Apple Inc (AAPL) is a Frustrating Stock to Own

Apple Inc (NASDAQ:AAPL) is a frustrating stock to own. You may ask: what do you mean good sir? I thought shares of the tech giant were up close to 70% (66.9%) since the start of the year? Do you mean to tell me that you are complaining about this massive price appreciation bestowed upon your portfolio?

Okay, unless you’re the offspring of a stock broker and an 18th century Englishman, that’s not exactly how the conversation would go, but that’s besides the point. The reason that owning Apple Inc (NASDAQ:AAPL) is annoying, is because every piece of coverage about the company is about the massive valuation that it has yet to reach. This writer has to admit, he is guilty of such gluttonous content; see “Here’s How Apple Can Get Past $1,000.”

Whether it’s the Cupertino-based company’s potential deal with the biggest cell carrier in the world, China Mobile Ltd. (NYSE:CHL), or its bright earnings outlook on the heels of the iPhone 5’s release, the reasons to be bullish on Apple Inc (NASDAQ:AAPL) are plentiful. Did we mention that it looks to be undervalued based on nearly every known metric under the sun?
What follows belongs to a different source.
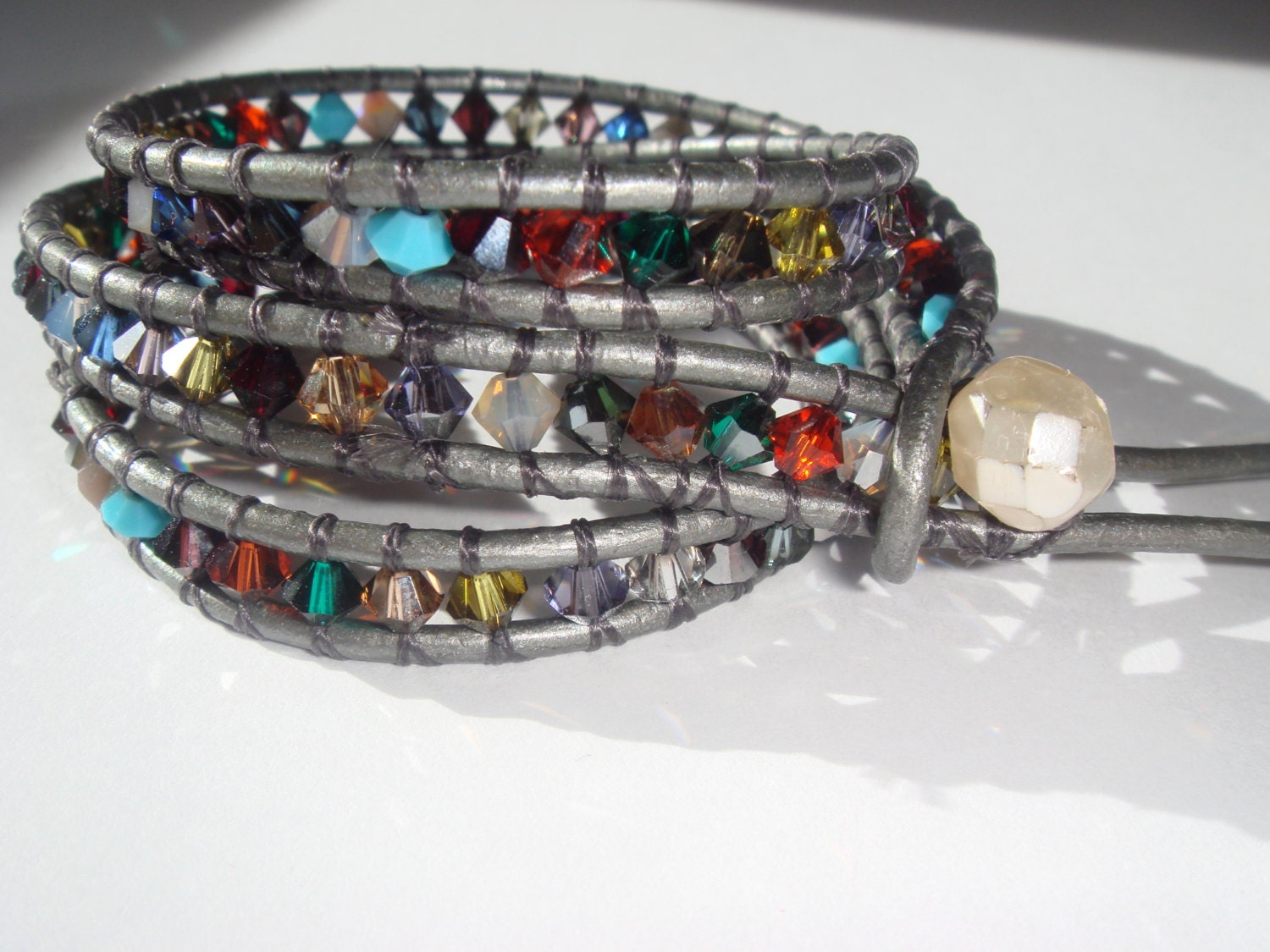 Multicolor Beaded bracelet. Beadwork bracelet. Swarovski crystals. Handmade bracelet. Triple wraps bracelet.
Look no further than this article to point these facts out.

Interestingly, this week’s trading activity has thrown a kink in the stock’s brief stint above the $700 mark, and at the time of this writing, shares are hovering around $680 a share. By the conclusion of most analysts, Apple’s decline over the past few weeks is likely due to: (1) a shortage of iPhone 5 screens in production, (2) numerous customer complaints about erroneous advice from the iOS 6’s new map app, and (3) issues with iPhones being scratched upon delivery in a “conspiracy” known on Twitter as #scuffgate.

What all of these issues have in common is that they are decidedly short term in nature, immaterial to the company’s growth prospects 1, 5, 10 years down the line.
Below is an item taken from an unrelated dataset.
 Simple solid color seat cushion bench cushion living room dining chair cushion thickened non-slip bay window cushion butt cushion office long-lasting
Should this Concern Apple Inc. (AAPL) and Google Inc (GOOG)?

Conversely, what if some of this selloff was due to something less obvious, and more fundamentally detrimental to Apple Inc (NASDAQ:AAPL)’s future prosperity? Because we at Insider Monkey like to cover both sides of an argument, let’s discuss a few reasons how the bears’ cries of doom and gloom could actually be correct.

1) Tim Cook may not be the successor we thought he was.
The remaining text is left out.